Suppose that I have an arbitrary $n$-dimensional simplex in a real vector space, and I want to find the $\ell_2$-shortest vector in the simplex. Is there some simple way to do so?
There are two equivalent ways to characterize this problem: as a minimization of an arbitrary positive-definite quadratic on the "canonical simplex" $C_n$ that is the convex hull of $(1,0,0,...,0), (0,1,0,...,0), ..., (0,0,0,...,1)$, or as a minimization of the standard $\ell_2$ norm on an arbitrary simplex which is a simple linear transformation of the above.
I believe this is also equivalent to computing an oblique projection onto the canonical simplex. This paper is often cited for orthogonal projections onto the simplex, but I'm not certain if you can use the technique for oblique projections as well.
These are the two versions of this:
1. Finding the shortest $\ell_2$ norm on an arbitrary simplex
In this version, we look at an arbitrary simplex $\Delta_n$ in $\Bbb R^n$, which is some linear transformation of $C_n$. We want to find the $\ell_2$ shortest vector in the simplex.
As a first pass, we can look at the affine subspace $A_n$ that is the affine span of $\Delta_n$. Then, we can look for the shortest vector in that subspace. This is a fairly standard use of the Moore-Penrose pseudoinverse, and the answer is given by
$\text{argmin } ||v||: v \in A_n = (I_n - M^\dagger M)\cdot a$
where $M$ is any matrix whose columns span the unique subspace that is parallel to $A_n$ and of same dimension, $M\dagger$ is the pseudoinverse of $M$, and $a$ is any vector in $A_n$. This is basically a orthogonal projection matrix that maps every vector in $A_n$ to the same point, which is the unique shortest vector in $A_n$.
The issue is, this shortest vector need not also be in the simplex $S_n$! So we would need some way to then do a second projection onto the nearest face/edge/etc of the simplex. We could do this as a projection onto the affine subspace spanned by that face, and then repeat until we are in the simplex. But how do we identify the nearest face?
This naturally leads to the second version of the problem:
2. Minimization of positive-definite quadratic form on canonical simplex
Basically, we can change the coordinate system of the last version of the problem so that the simplex is always the canonical simplex $C_n$, with vertices given by $(1,0,0,...0), (0,1,0,...)$, and so on. If we do this, then the inner product is no longer the standard Euclidean inner product, but will instead have some transformed unit ball. This can be thought of as a positive-definite quadratic form that we want to minimize on the canonical simplex.
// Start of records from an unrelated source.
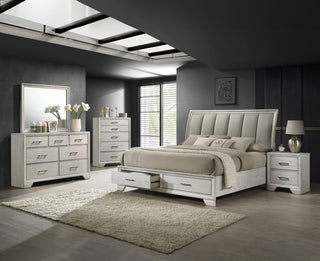 JAYMES Q STORAGE BED HB WHITE MIST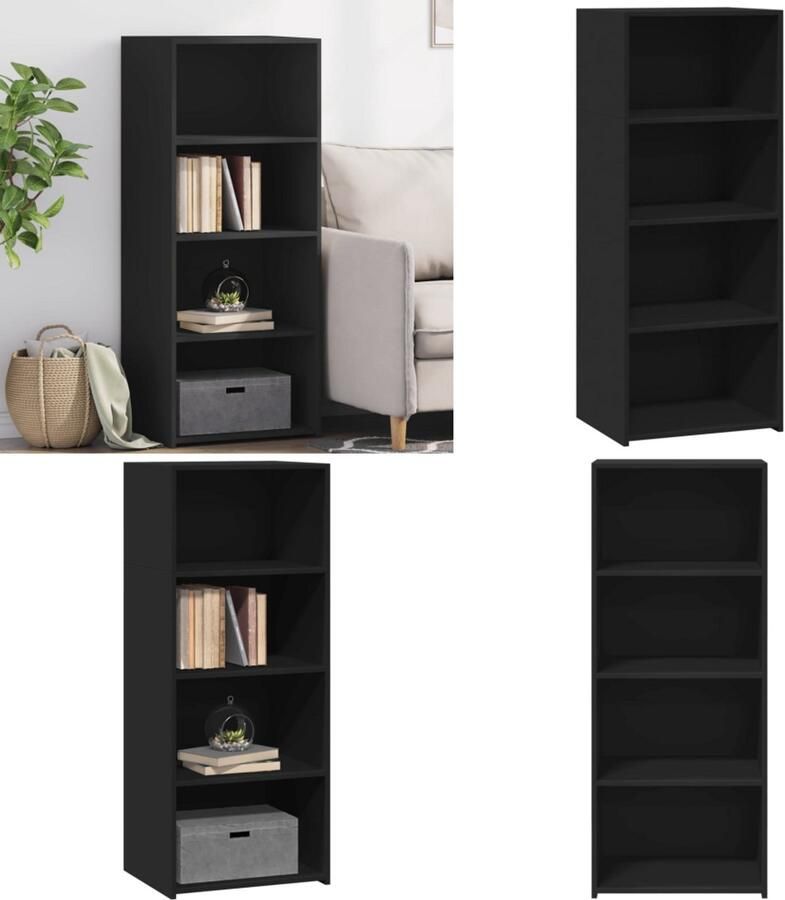 VidaXL Hoge kast 50x41x124 cm bewerkt hout zwart Hoge Kast Hoge Kasten Hoog Dressoir Hoge Kast Woonkamer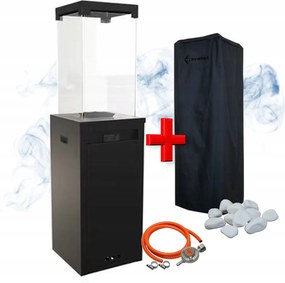 Kerti gázfűtő teraszra Patio Slc fekete Huzat Kövek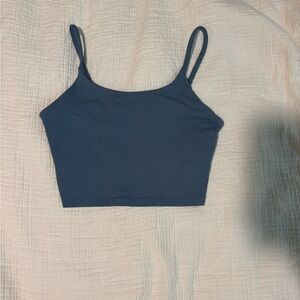 Blue Cropped Athletic Tank Top with Built In Sports Bra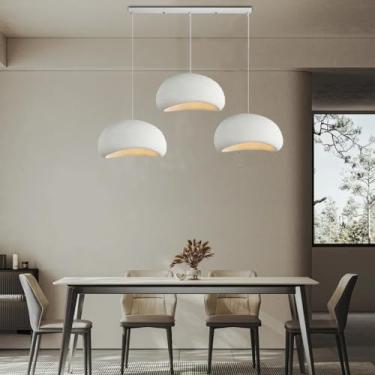 Imagem de Lustre moderno de teto, luminária pendente branca estilo Wabi-sabi para sala de estar, com ajuste de altura E27, iluminação clássica para teto, ideal para sala de jantar, ilha de cozinha, qu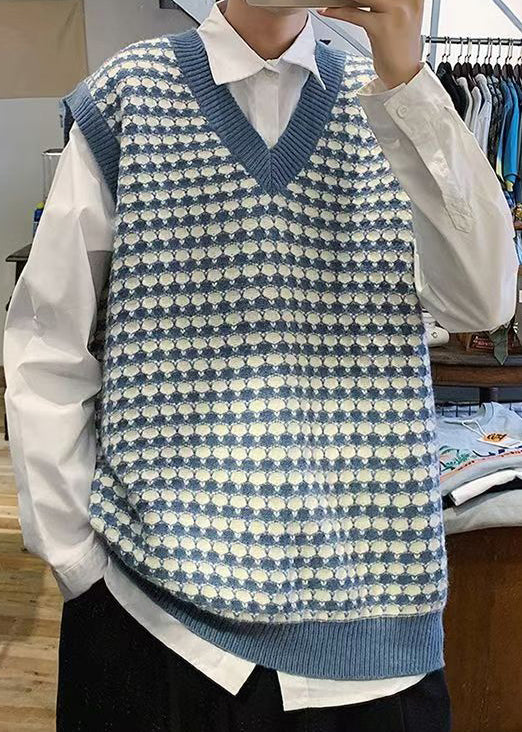 Stylish Blue V Neck Plaid Patchwork Knit Mens Waistcoat Sleeveless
After changing the coordinate system, our new inner product will be determined entirely by some symmetric matrix $S$:
$Q(v) = v^T S v = \frac{1}{2} v^T H v$
where $H$ is the Hessian for the quadratic form, which is given in closed form simply as $H = 2S$.
We then want to get the following minimum:
$\text{argmin } v^T S v: v \in C_n$
We can easily use the technique from #1 to get the related vector
$\text{argmin } v^T S v: v \in A_n$
where $A_n$ is the affine span of $C_n$.
However, as in #1, this vector need not be on the canonical simplex, just the affine span of it. To get the shortest vector, we need to find the shortest path back to the simplex.
My thought
Since this is a simple, positive-definite quadratic form, we have literally the entire Hessian (which is the same everywhere), and can get the global minimum on $A_n$ easily using the pseudoinverse. Then, the only issue is that we need to find the shortest path back to the simplex. It seems as though we need to look at the path of "least steep ascent" or something, but also make sure it is in a direction that is guaranteed to intersect with the simplex.
So we have a simple closed form for the Hessian, all the gradients, and the simplex. There are many convex minimization routines that use the Hessian, and this is literally the simplest Hessian there is - a positive-definite quadratic. How can we use this information to look for the path of least steep ascent in the direction of the simplex?